FIX make sure IterativeImputer does not skip iterative process when keep_empty_features=True #29779

arifqodari · 2024-09-03T14:59:15Z

Reference Issues

Fixes #29375

Empty Feature = Feature that consist exclusively of missing values.

What does this implement/fix? Explain your changes.

This PR fixes 2 cases mentioned on this issue #29375:

In the IterativeImputer, when keep_empty_features is set to True, the iterative imputation step is skipped, and the result is constructed solely from the initial imputation (SimpleImputer). This occurs because mask_missing_values is set to True for all non-empty feature columns. As a result, the outcomes differ depending on whether keep_empty_features is set to False or True. The proposed solution is to remove this step and retain the original mask_missing_values.
When running the iterative imputation step with empty features, a ValueError: Found array with 0 sample(s) ... exception is raised because the estimator attempts to fit data with 0 rows. The proposed solution is to use the imputed values from the initial imputation result when the estimator encounters empty features. These values are constant across all rows.

Any other comments?

github-actions · 2024-09-03T15:00:38Z

✔️ Linting Passed

All linting checks passed. Your pull request is in excellent shape! ☀️

_{Generated for commit: a573512. Link to the linter CI: here}

glemaitre · 2024-09-05T15:22:26Z

We will need some non-regression tests to check that we get the expected results. On the top of the head, we should test:

A matrix without a column full of np.nan and check that keep_empty_feature=True/False lead to the same results. We can strengthen the current test in this regard.
A matrix containing a entire np.nan column and check that other columns remain the same and check that get a zero column if keep_empty_feature=True otherwise, it should be drop.

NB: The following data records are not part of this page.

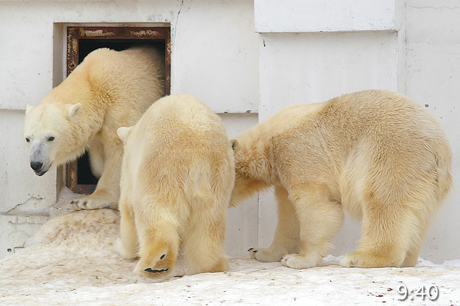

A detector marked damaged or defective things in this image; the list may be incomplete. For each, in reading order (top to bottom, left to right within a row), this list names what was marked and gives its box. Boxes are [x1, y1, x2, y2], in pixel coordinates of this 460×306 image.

rusty metal door frame [64, 25, 171, 194]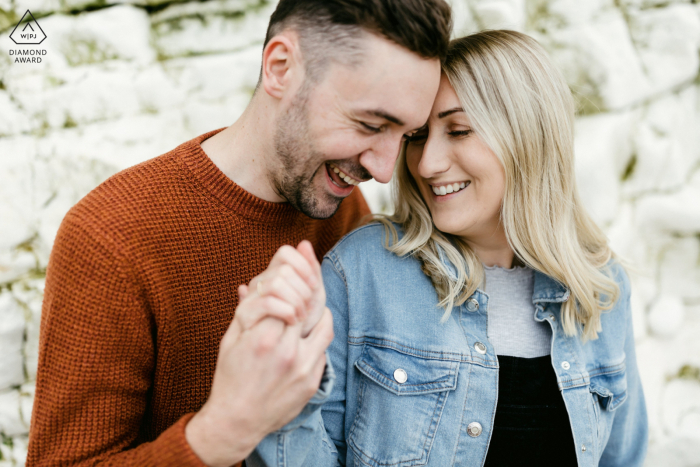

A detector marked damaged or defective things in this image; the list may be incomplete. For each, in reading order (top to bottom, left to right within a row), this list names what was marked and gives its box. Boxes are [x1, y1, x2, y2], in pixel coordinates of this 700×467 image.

rust knit sweater [26, 129, 372, 467]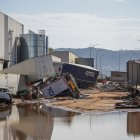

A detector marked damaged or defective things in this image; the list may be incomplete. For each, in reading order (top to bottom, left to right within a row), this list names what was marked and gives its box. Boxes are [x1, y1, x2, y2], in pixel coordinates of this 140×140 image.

pile of damaged vehicles [0, 54, 99, 105]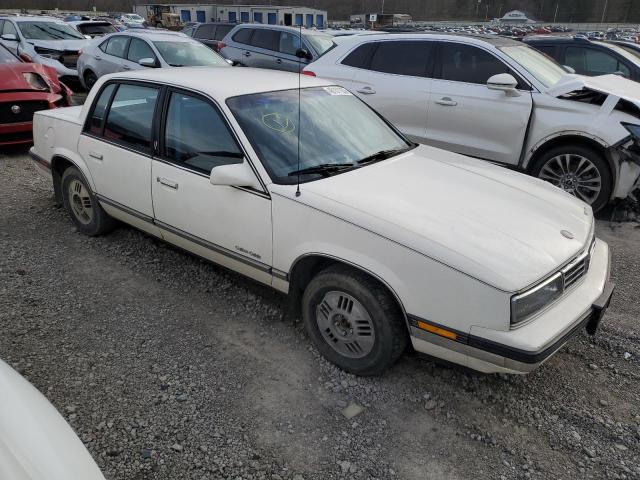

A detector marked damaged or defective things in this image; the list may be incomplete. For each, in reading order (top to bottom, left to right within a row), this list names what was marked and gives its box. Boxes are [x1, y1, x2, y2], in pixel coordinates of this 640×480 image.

damaged white car [304, 34, 640, 211]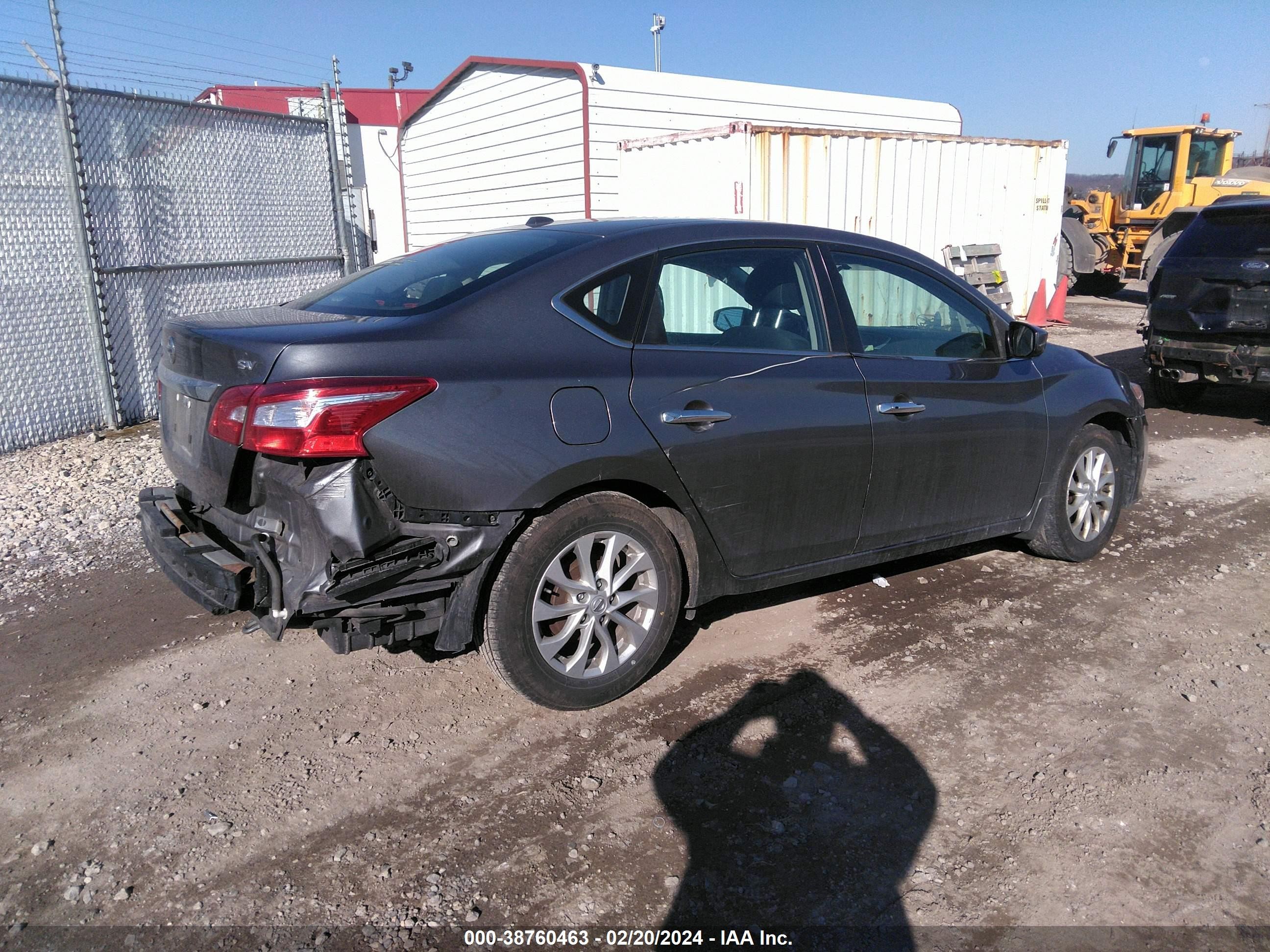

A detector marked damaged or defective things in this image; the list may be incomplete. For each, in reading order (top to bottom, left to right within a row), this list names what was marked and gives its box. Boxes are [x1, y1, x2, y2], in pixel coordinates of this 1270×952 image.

So from the code, I think that the diff is not what I would expect. I would only expect a change in the initial imputation with something like:

        if not self.keep_empty_features:
            # drop empty features
            valid_mask = np.flatnonzero(
                np.logical_not(np.isnan(self.initial_imputer_.statistics_))
            )
            Xt = X[:, valid_mask]
            mask_missing_values = mask_missing_values[:, valid_mask]
        else:
            # mark empty features as not missing and keep the original
            # imputation
            is_empty_feature = np.all(mask_missing_values, axis=0)
            mask_missing_values[:, is_empty_feature] = False
            Xt = X
            Xt[:, is_empty_feature] = X_filled[:, is_empty_feature]

Basically, keep_empty_feature=False remains the same behaviour as before. For the case of keep_empty_feature, we need to detect which column was full of np.nan. We can do that since we already computed the mask and we cannot use the initial_imputer_ since it does show this information (it imputes the values with 0). Once we have the info, we can set the empty features as not missing and fill the X matrix with the filled value that is zero.

glemaitre · 2024-09-05T15:29:17Z

In addition to the tests and the right fix, we need an entry in the changelog:

Please add an entry to the change log at doc/whats_new/v1.5.rst. Like the other entries there, please reference this pull request with :pr: and credit yourself (and other contributors if applicable) with :user:.

arifqodari · 2024-09-06T08:52:00Z

We will need some non-regression tests to check that we get the expected results. On the top of the head, we should test:

A matrix without a column full of np.nan and check that keep_empty_feature=True/False lead to the same results. We can strengthen the current test in this regard.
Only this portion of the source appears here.